What is the proper processing applying kfold?

I am confused about how to evaluate in stratified kfold CV. According to the documentation, performance is evaluated the average, but I do not know what the average means.

So far, I split the fold using stratified kfold CV, and training and validation for each fold. After k repetitions, the test proceeded only once.

My result as follow

1-fold

epoch 15/149

train Loss: 0.0264 Acc: 88.0000

valid Loss: 0.0220 Acc: 89.0000

Training process is stopped early....

2-fold

epoch 16/149

train Loss: 0.0201 Acc: 91.0000

valid Loss: 0.0124 Acc: 91.0000

Training process is stopped early....

. . .

k-fold

epoch 14/149

train Loss: 0.0239 Acc: 89.0000

valid Loss: 0.0254 Acc: 90.0000

Training process is stopped early....

test Acc: 93.0000

Confusion Matrix : 
([[145., 10.],
  [ 11., 139.]])

I wonder if do I have to test each fold?
Do I have to train by applying the calculated value of the epochs average?
When I averaged performance, do I average epochs and train again with that value?
After all the hyper parameters have been tuned, do I train again with kfold or do I train only once training data divided into train set and test set?

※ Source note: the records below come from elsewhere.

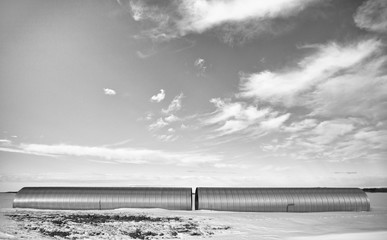 Two industrial steel culverts laying on snow covered field in a black and white winter landscape - obrazy, fototapety, plakaty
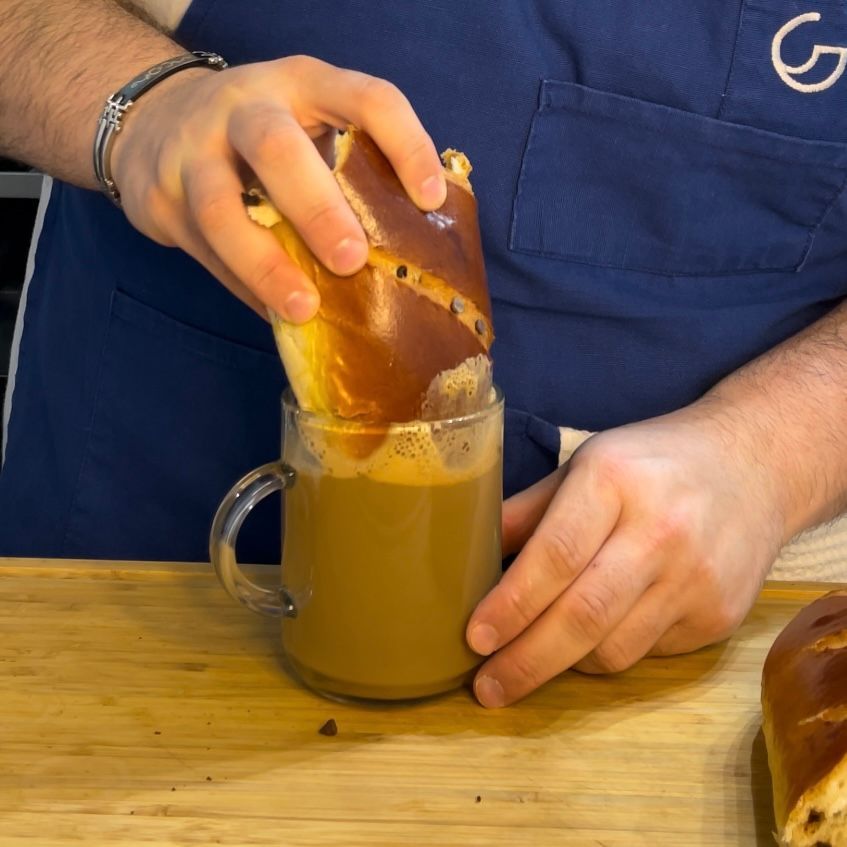 Una persona sta versando un pretzel in una tazza di caffè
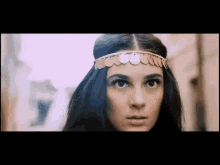 a woman is wearing a headband with coins on it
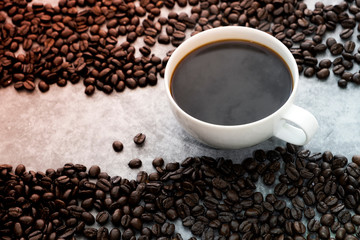 Hot Americano coffee with roasted coffee beans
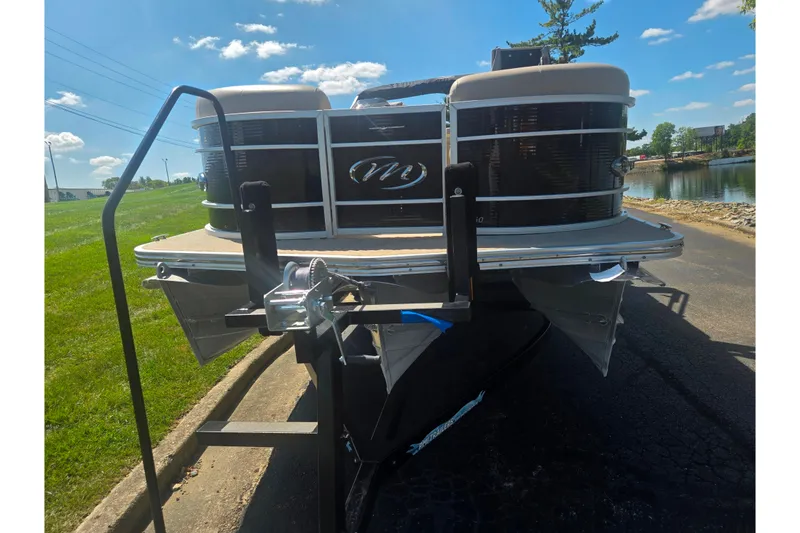 Slide: The Image of 2012 Manitou 25 Legacy pontoon boat on trailer, parked near a lake under a clear sky. - 6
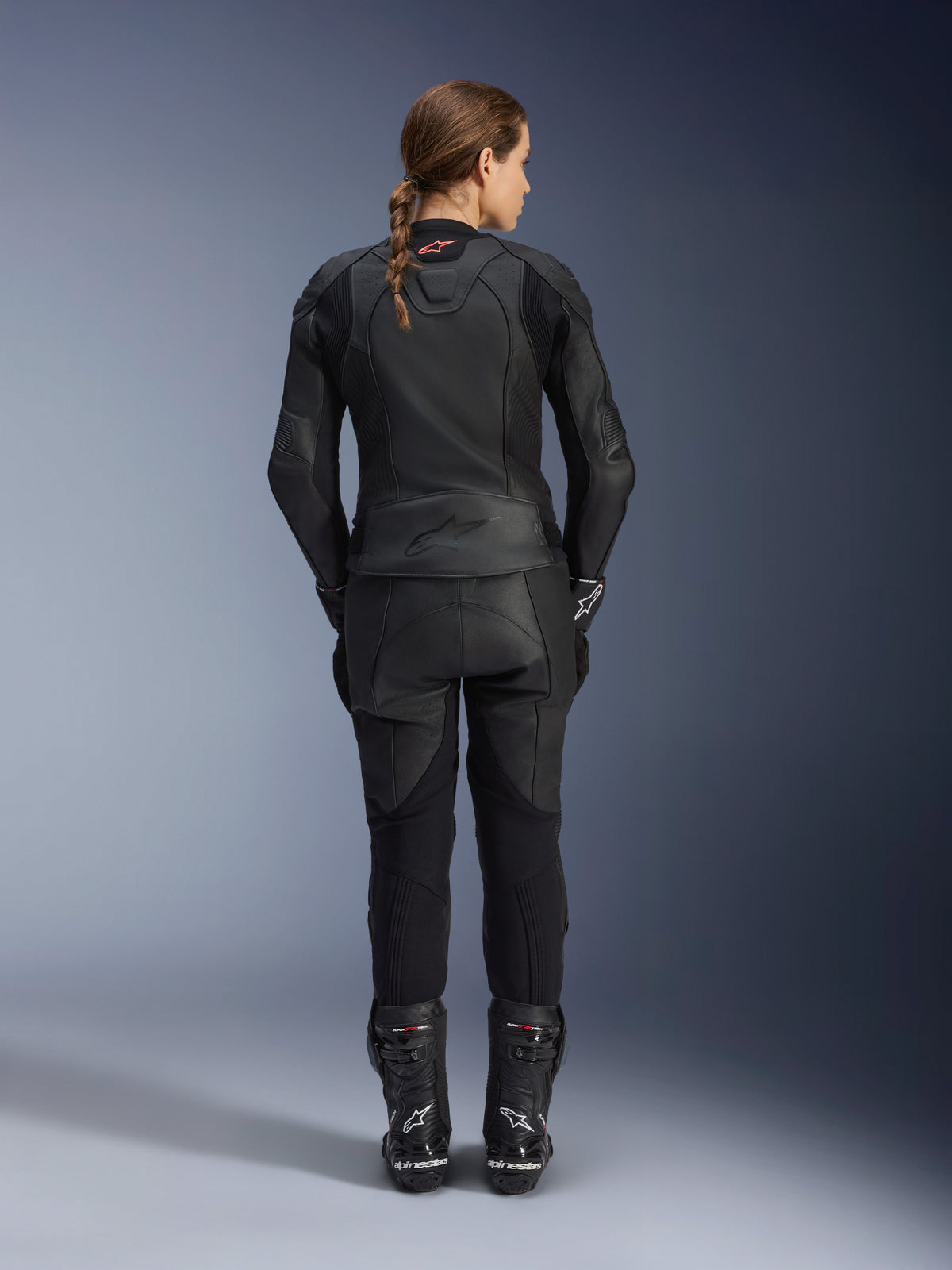 Alpinestars Stella GP Plus V4 læderjakke til kvinder, Black Black, fuldkropsvisning bagfra af en kvindelig rytter iført matchende læderbukser og støvler, strømlinet minimalistisk design med et lille rødt logo i nakken, skræddersyet sports-silhuet til kvinder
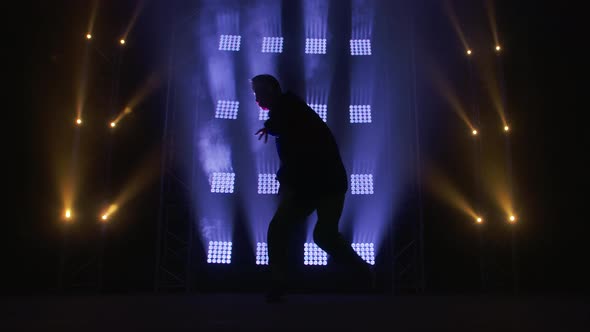 Silhouette of a Talented Young Hip Hop Dancer. Hip Hop Street Dance on a Stage in Dark Studio with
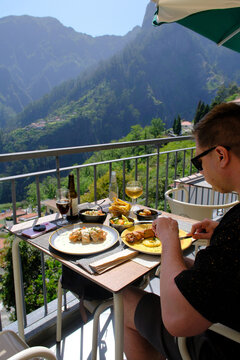 Man Dining on Terrace Overlooking Curral das Freiras, Madeira
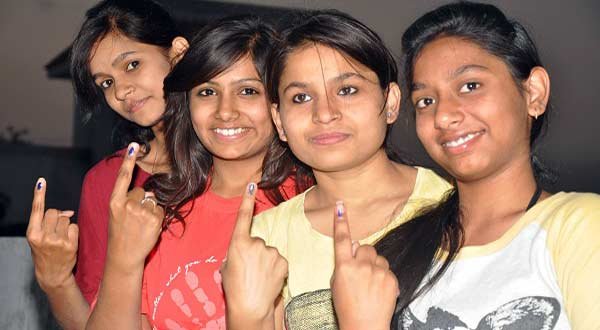 First time voters show their fore fingers marked with phosphoric ink after casting their votes during the third phase of 2014 Lok Sabha Polls in Jabalpur on April 10, 2014. IANS)
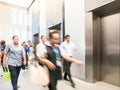 People are walking in office past elevators, Modern steel elevator cabins in a business lobby or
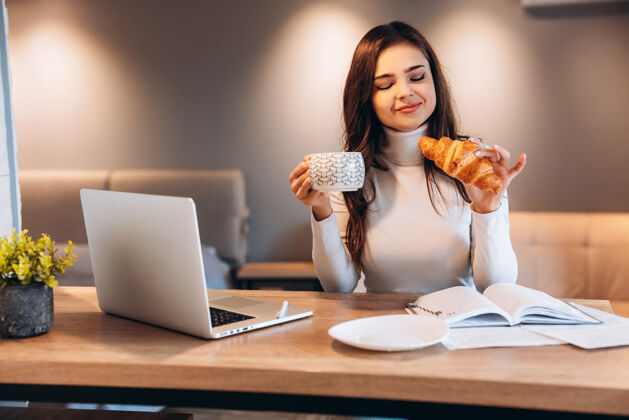 食物坐在办公室里使用笔记本电脑的自由职业女性家年轻坐在厨房里干活的女人笔记本电脑漂亮工作时喝咖啡喝茶的女性房子享受商务女性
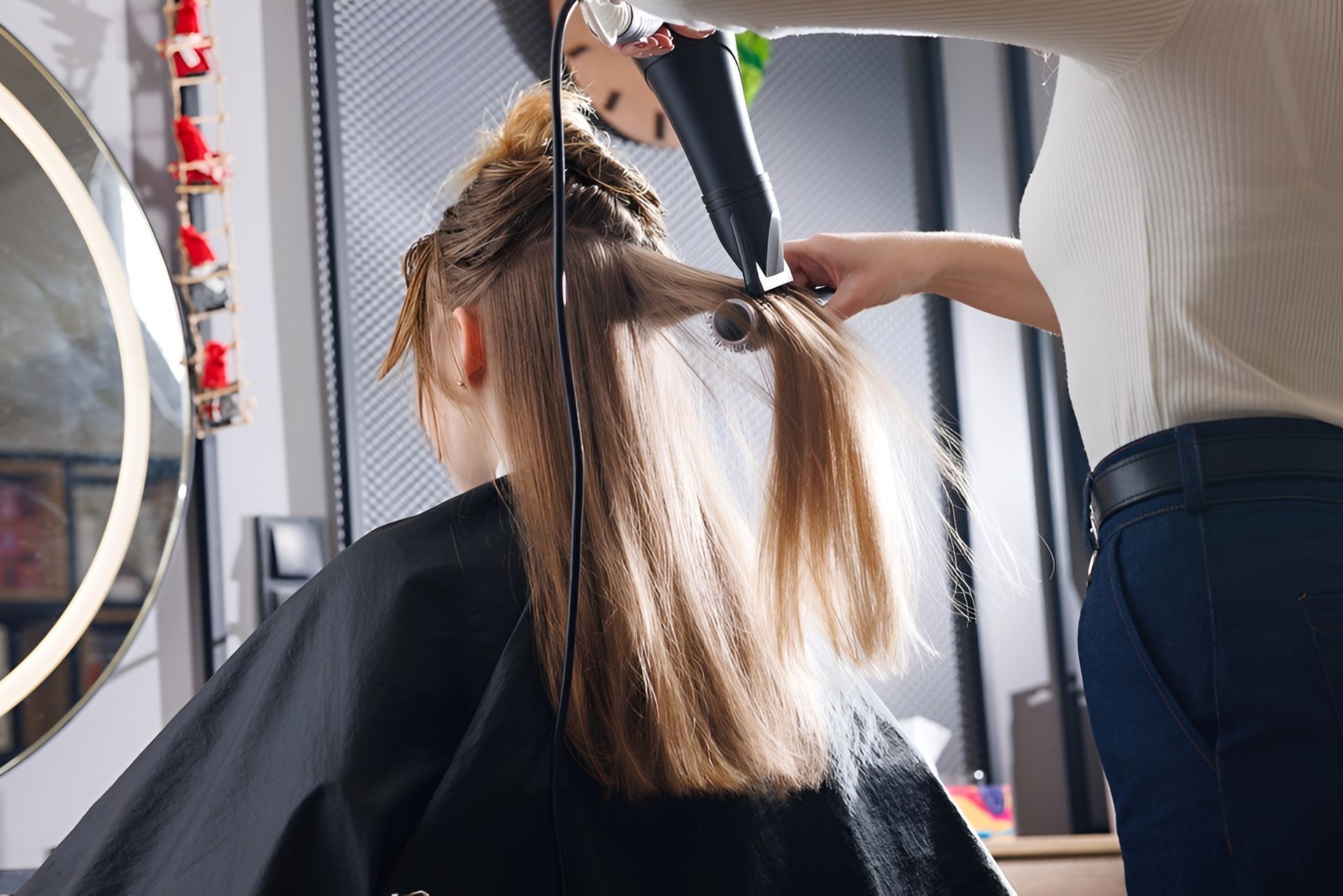 Hairdresser Blow-drying a Client's Long, Blonde Hair — 5th Ave Hair Lounge in Caloundra, QLD
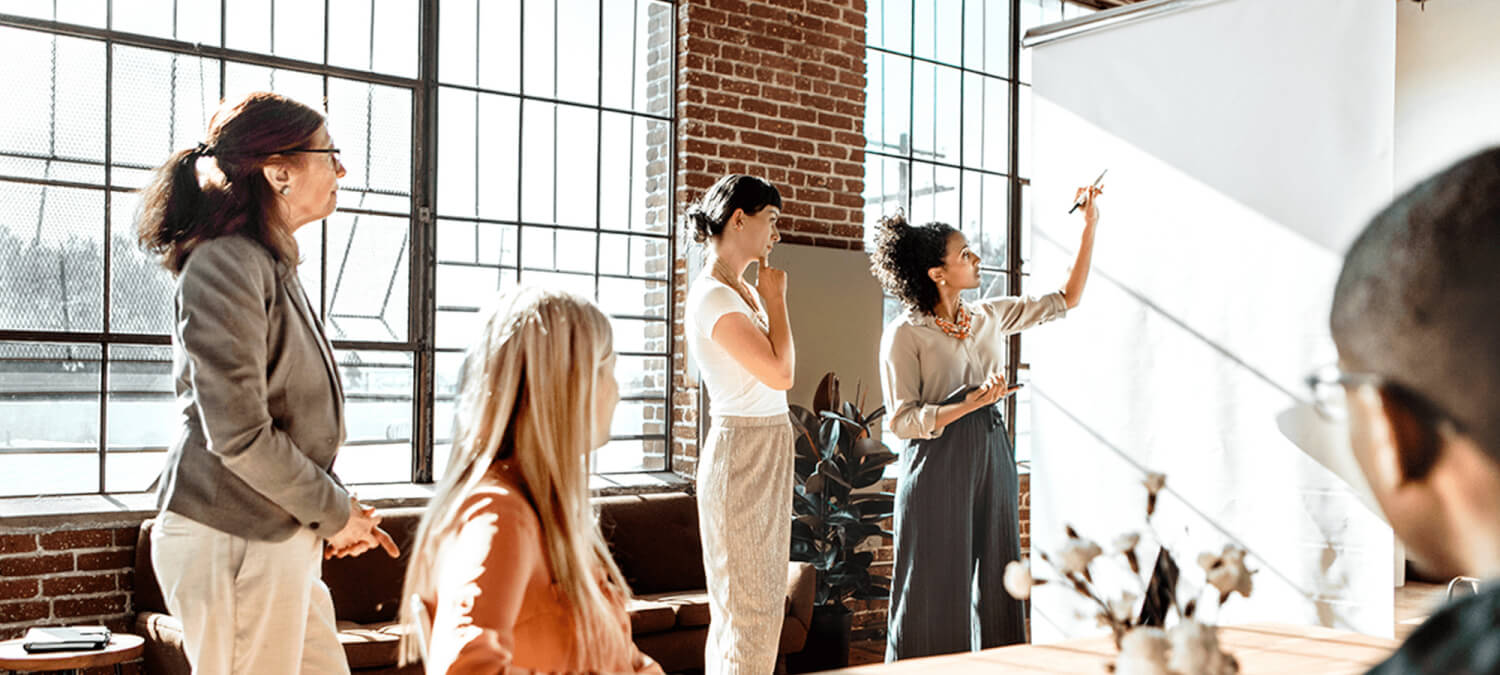 A group of people having a workshop, looking at a whiteboard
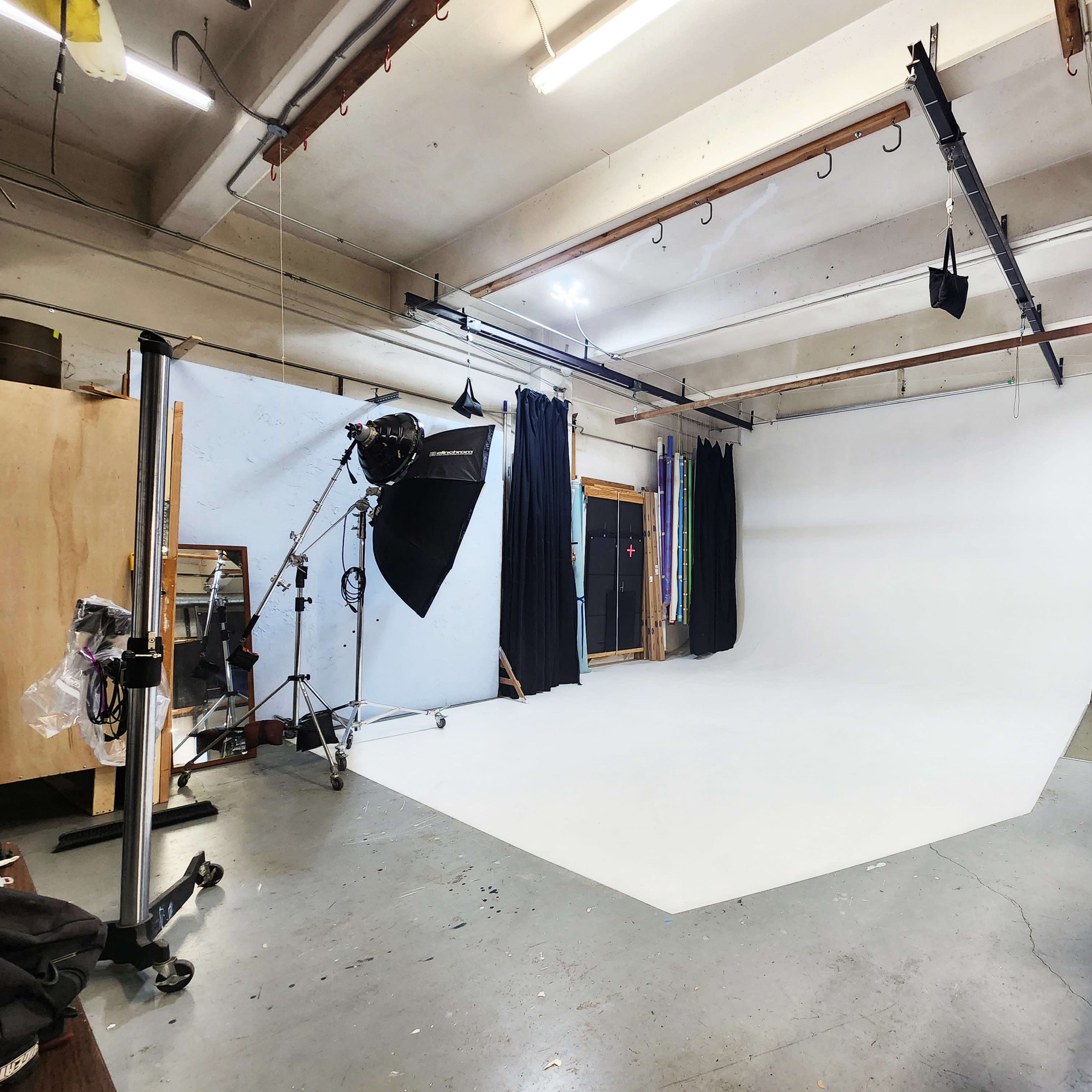 A photography studio with a large white backdrop, studio lighting equipment, and various props arranged around the space.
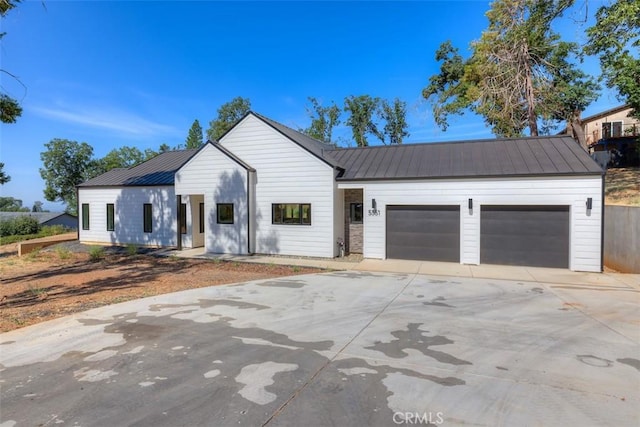 5351 Filbert St, Paradise, CA 95969 - modern farmhouse with a metal roof, a garage, and driveway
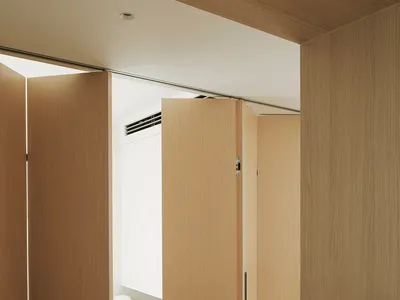 A minimalist bedroom with a wooden platform bed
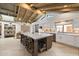 Eat-in kitchen boasting vaulted ceilings, stainless steel appliances, and an expansive center island at 11416 N Blackheath Rd, Scottsdale, AZ 85254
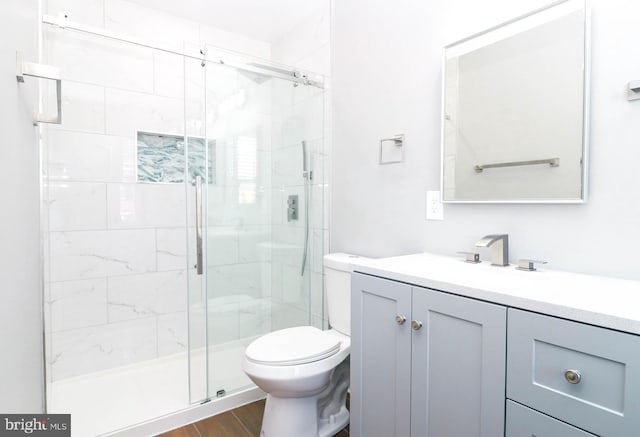 full bathroom featuring wood finished floors, a stall shower, vanity, and toilet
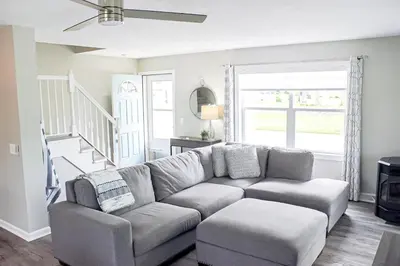 a living room with a couch and a staircase at At the Beach - Old Homestead Beach House in Huron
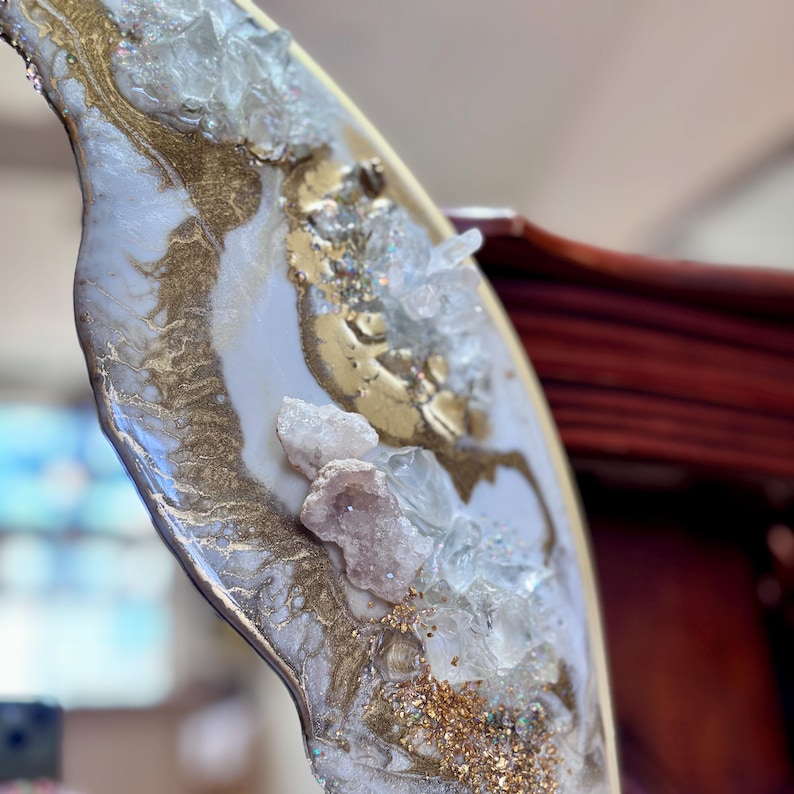 May include: A decorative resin art piece featuring a swirling white and gold marbled pattern. The surface is embellished with clusters of clear, jagged quartz crystals and fine gold glitter, creating a textured, multi-dimensional appearance.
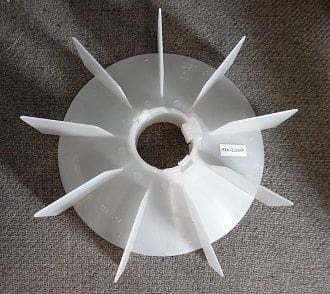 A white plastic fan on the floor.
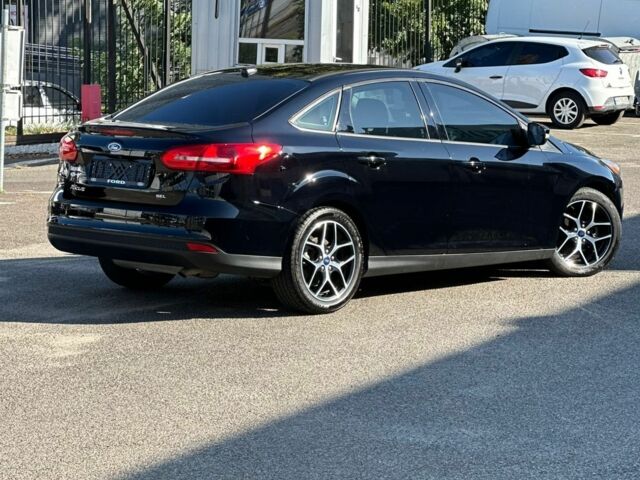 Чорний Форд Фокус, об'ємом двигуна 2 л та пробігом 165 тис. км за 9300 $, фото 1 на Automoto.ua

Usually the average of the validation accuracies (of the hold-out folds) will be calculated as the k-fold CV accuracy. The final model might be trained using the whole training data and the best hyperparameters found in your k-fold CV.

Have a look at @rasbt’s blog post and lecture notes on this topic. He might also correct me, if I said something bogus. :wink:

1 Like

Thank you for your reply.
But, I still have questions about the model selection section with K-fold cross validation…

“the average of the validation accuracies”
Does this mean Best valid acc or valid acc when stopped due to early stopping?

“The final model might be trained using the whole training data”
Does this mean that I need to train the entire training data only once, like a holdout, rather than k repeating train like KFold? Is there no need to k-split the train data in this part?

The idea of k-fold is to show, that your model generalizes well on different subsets of your data. You can use it to have a relatively large trainsets. After you ensured that your model generalizes well, you might want to retrain the network on all your data (without k-fold splits) to get the best network possible by using all available training data (usually resulting in a more robust model).

1 Like

Now I understand the concept of kfold to some extent. Thank you!
To I ensured that my model generalizes well, which should I use ‘the average of valid acc when stopped due to early stopping’ or I use ‘the average of the best valid acc average’ ?

Say you use 5-fold cross validations. Then, you have 5 iterations with 1 training and 1 validation fold in each iteration. So, in total, once you finished iterating, you have 5 validation accuracies. Here, the “the average of the validation accuracies” then means that these are averaged: sum(valid1 + valid2 … + valid5) / 5.

In a real-world application, you usually care about using your model in some production system. So, in this case, after you evaluated the performance of the model, it makes sense to use even more data for training, because based on theoretical assumptions, this can only improve the model.

So, yes, for production, you may re-train your model on the whole training set after evaluation. However, note that in DL, this is typically not as necessary as in traditional machine learning, because the training set is already relatively large to begin with.

2 Likes

Thank you very much for the very detailed answer.